"Ich war fünf Minuten im Bahnhof, um zu schauen, ob unser Gast schon da ist", erzählt Ingrid S. aus Amberg. "Danach hatte ich einen Strafzettel mit 30 Euro an der Scheibe." Verwarnung eines privaten Parküberwachers. Ingrid hat Glück, dass sie einen resoluten Ehemann hat: "Ich habe dort angerufen und denen gesagt, dass ich nicht weiß, wer gefahren ist, und dass sie das erst mal nachweisen sollen", freut sich Lorenz S. über die fallengelassene Forderung.
Weniger Glück hatte Doris W. am Weidener Bahnhof. "Ich hab mir kurz eine Zeitschrift geholt, danach hatte ich einen Strafzettel." Kostenpunkt für die Lektüre samt drei Minuten Parken: 30 Euro.
Noch ärger erging es Franz W. in Schwandorf: "Ich parke wie immer am Supermarkt, komme vom Einkaufen zurück und habe einen Zettel am Scheibenwischer hängen", erzählt der Rentner. "Erst dachte ich, das muss ein Versehen sein, als Kunde wird man doch wohl noch kostenlos eine halbe Stunde parken dürfen." Weit gefehlt. Auch der Schwandorfer Einzelhändler hat sein Gelände an eine private Firma verpachtet, die Strafmandate verteilt, sobald der Kunde im Markt verschwunden ist.
Dieser Artikel enthielt ursprünglich auch das Bild eines Fitnessstudios. Da dieses Bild jedoch irreführend war, wurde es von der Redaktion wieder entfernt.
Korrekte Parksitten?
Auf seiner Internetseite stellt sich das Unternehmen "Fair Parken" als Wahrer korrekter Parksitten dar. Angeblich würden die privaten Blaujacken Kaufleute und Kunden vor Pendlern bewahren, die stundenlang Parkplätze blockierten. Die Wirklichkeit sieht anders aus:
- Unscheinbare Hinweisschilder weisen entgegen bereits gefällter Gerichtsurteile dezent darauf hin, dass Parkscheiben benutzt werden müssen.
- Auch der Nachweis eines Einkaufs oder der Mitgliedschaft eines dortigen ansässigen Clubs führt nicht zur Rücknahme der Strafe.
- Alleiniger Daseinszweck des Unternehmens: Strafmaximierung zum eigenen und dem - vermeintlichen - Nutzen der Ladeninhaber.

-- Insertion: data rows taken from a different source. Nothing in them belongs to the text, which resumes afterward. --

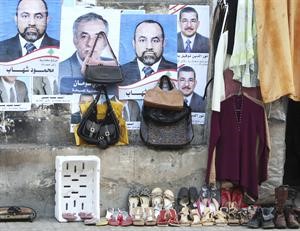 بائع لبناني عرض بضاعته تحت وعلى صور مرشحي الانتخابات في البلدية في احد شوارع بيروت رويترز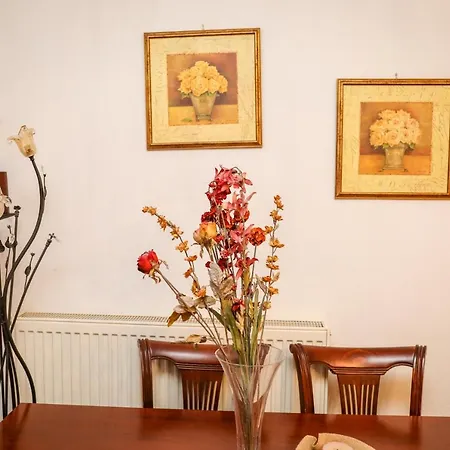 Апартаменты Antonia House *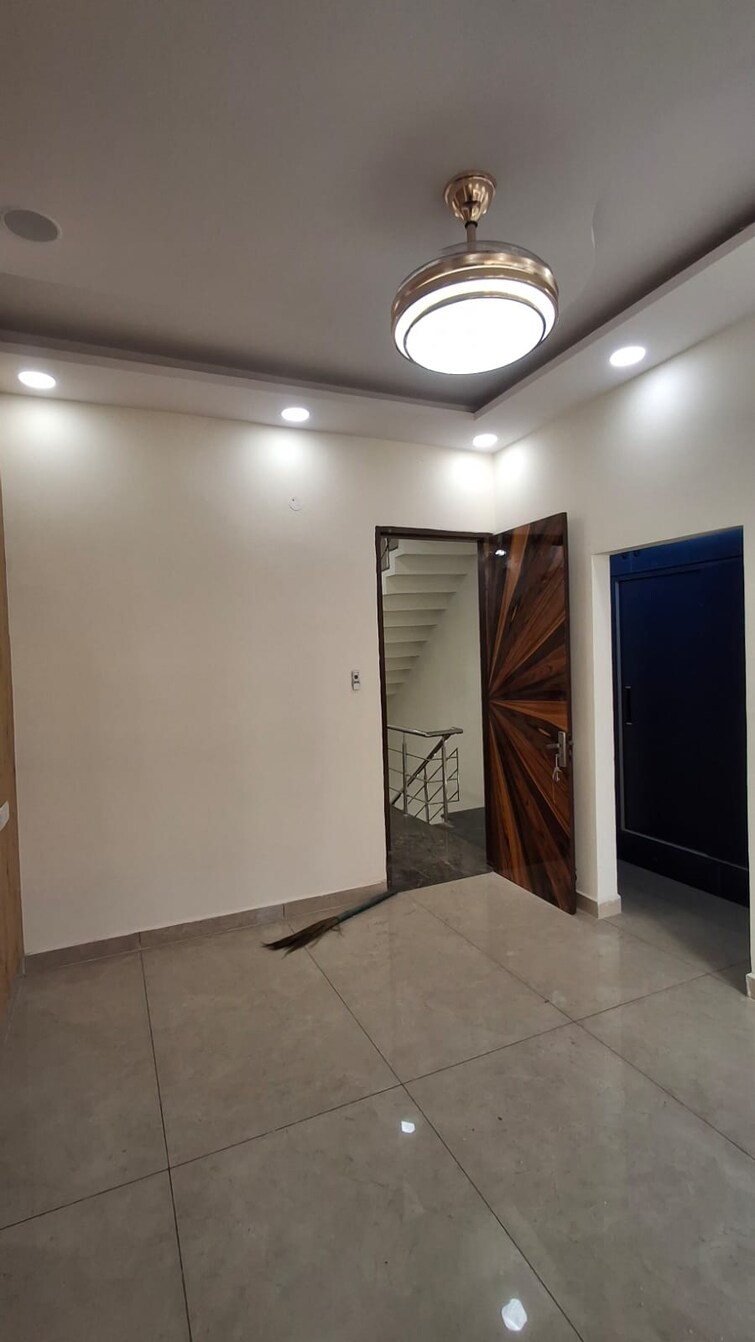 Cover Image, ambala highway 3 Bedroom 1000 Sq.Ft. Independent House In Ambala Highway Zirakpur 9552342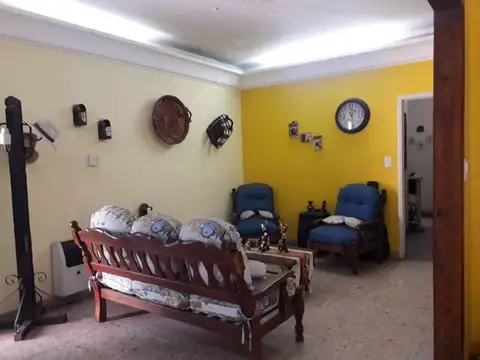 Casa en venta en Burzaco !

Chronik eines Strafzettels
Von wegen „Fair Parken“: Die Selbstbeschreibung des bundesweit agierenden Unternehmens hat mit dessen Praxis wenig gemein. Ginge es dem Unternehmen darum, Pendler zu verbannen, müsste das Vorlegen eines Kassenzettels oder des Mitgliedsausweises eines Fitnessclubs, für den man Beiträge überweist auch um auf dessen ausgewiesenen Parkplätzen zu parken, zur Rücknahme der Zahlungsaufforderung führen. Tatsächlich interessiert sich „Fair Parken“ weder für den Parkanspruch der Kunden noch für Standards beim Verteilen der Knöllchen:
◘ Das Aufstellen oft sehr dezenter Hinweisschilder erweckt den Eindruck, als wollte sich „Fair Parken“ von überraschten Kunden eine Anschubfinanzierung gönnen.
◘ Wer kein Knöllchen an der Scheibe findet, bekommt anders als von Stadt oder Polizei nicht erst ein Schreiben mit Beleg des Vorwurfs und Fahrerermittlung, sondern ein Mahnschreiben mit Gebühr.
◘ Für eine Stunde Parken vor dem eigenen Fitnessstudio veranschlagt das Unternehmen nicht ortsüblichen Gebühren von 10 bis 15 Euro, sondern 30 Euro.
◘ Noch während der Recherche, worum es sich bei der Forderung handelt, und ohne auf den Widerspruch mittels Formular auf der Website zu reagieren, folgt die Rechnung des Inkassounternehmens über 90 Euro.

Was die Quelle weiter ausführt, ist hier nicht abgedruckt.